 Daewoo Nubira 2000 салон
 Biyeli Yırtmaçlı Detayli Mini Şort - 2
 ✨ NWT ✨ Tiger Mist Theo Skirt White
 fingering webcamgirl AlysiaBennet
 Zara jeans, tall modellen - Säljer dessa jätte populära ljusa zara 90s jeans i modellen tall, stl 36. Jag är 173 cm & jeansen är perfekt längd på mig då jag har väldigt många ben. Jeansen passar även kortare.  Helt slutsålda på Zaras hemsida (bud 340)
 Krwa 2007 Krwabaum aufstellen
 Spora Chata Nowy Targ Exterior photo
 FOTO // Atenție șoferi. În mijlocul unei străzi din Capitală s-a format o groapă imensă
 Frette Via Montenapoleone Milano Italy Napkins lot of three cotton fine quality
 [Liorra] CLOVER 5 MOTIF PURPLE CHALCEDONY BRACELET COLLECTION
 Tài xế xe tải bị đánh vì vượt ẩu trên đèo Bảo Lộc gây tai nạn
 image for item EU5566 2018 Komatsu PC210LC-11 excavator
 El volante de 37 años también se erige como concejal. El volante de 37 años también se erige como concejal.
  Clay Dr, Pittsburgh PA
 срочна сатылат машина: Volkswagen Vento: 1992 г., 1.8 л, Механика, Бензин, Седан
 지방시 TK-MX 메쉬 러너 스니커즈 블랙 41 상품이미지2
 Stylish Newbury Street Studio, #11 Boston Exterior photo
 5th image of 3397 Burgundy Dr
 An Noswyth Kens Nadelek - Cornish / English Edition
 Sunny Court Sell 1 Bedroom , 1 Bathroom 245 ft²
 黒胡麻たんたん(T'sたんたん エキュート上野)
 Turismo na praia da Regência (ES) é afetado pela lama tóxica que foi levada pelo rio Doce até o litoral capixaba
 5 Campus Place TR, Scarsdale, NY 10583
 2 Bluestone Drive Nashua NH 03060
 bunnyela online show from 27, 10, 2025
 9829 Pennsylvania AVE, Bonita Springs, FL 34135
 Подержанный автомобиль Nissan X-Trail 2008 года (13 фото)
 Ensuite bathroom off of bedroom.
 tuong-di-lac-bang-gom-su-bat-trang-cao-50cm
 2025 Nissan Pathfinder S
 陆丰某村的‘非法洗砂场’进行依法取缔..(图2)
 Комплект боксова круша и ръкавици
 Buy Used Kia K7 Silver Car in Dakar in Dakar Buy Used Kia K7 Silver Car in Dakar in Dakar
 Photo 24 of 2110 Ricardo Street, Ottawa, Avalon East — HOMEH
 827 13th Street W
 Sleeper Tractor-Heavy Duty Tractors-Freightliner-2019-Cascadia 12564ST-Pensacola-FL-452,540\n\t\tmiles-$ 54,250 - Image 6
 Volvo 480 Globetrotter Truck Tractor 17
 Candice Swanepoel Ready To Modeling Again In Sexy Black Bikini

════════════════

◆ **Work task**
From the line that contains "9829 Pennsylvania AVE, Bonita" through the final line of the entries above, every line must be reproduced exactly and nothing more.

◆ **Response to this exercise**
 9829 Pennsylvania AVE, Bonita Springs, FL 34135
 Подержанный автомобиль Nissan X-Trail 2008 года (13 фото)
 Ensuite bathroom off of bedroom.
 tuong-di-lac-bang-gom-su-bat-trang-cao-50cm
 2025 Nissan Pathfinder S
 陆丰某村的‘非法洗砂场’进行依法取缔..(图2)
 Комплект боксова круша и ръкавици
 Buy Used Kia K7 Silver Car in Dakar in Dakar Buy Used Kia K7 Silver Car in Dakar in Dakar
 Photo 24 of 2110 Ricardo Street, Ottawa, Avalon East — HOMEH
 827 13th Street W
 Sleeper Tractor-Heavy Duty Tractors-Freightliner-2019-Cascadia 12564ST-Pensacola-FL-452,540\n\t\tmiles-$ 54,250 - Image 6
 Volvo 480 Globetrotter Truck Tractor 17
 Candice Swanepoel Ready To Modeling Again In Sexy Black Bikini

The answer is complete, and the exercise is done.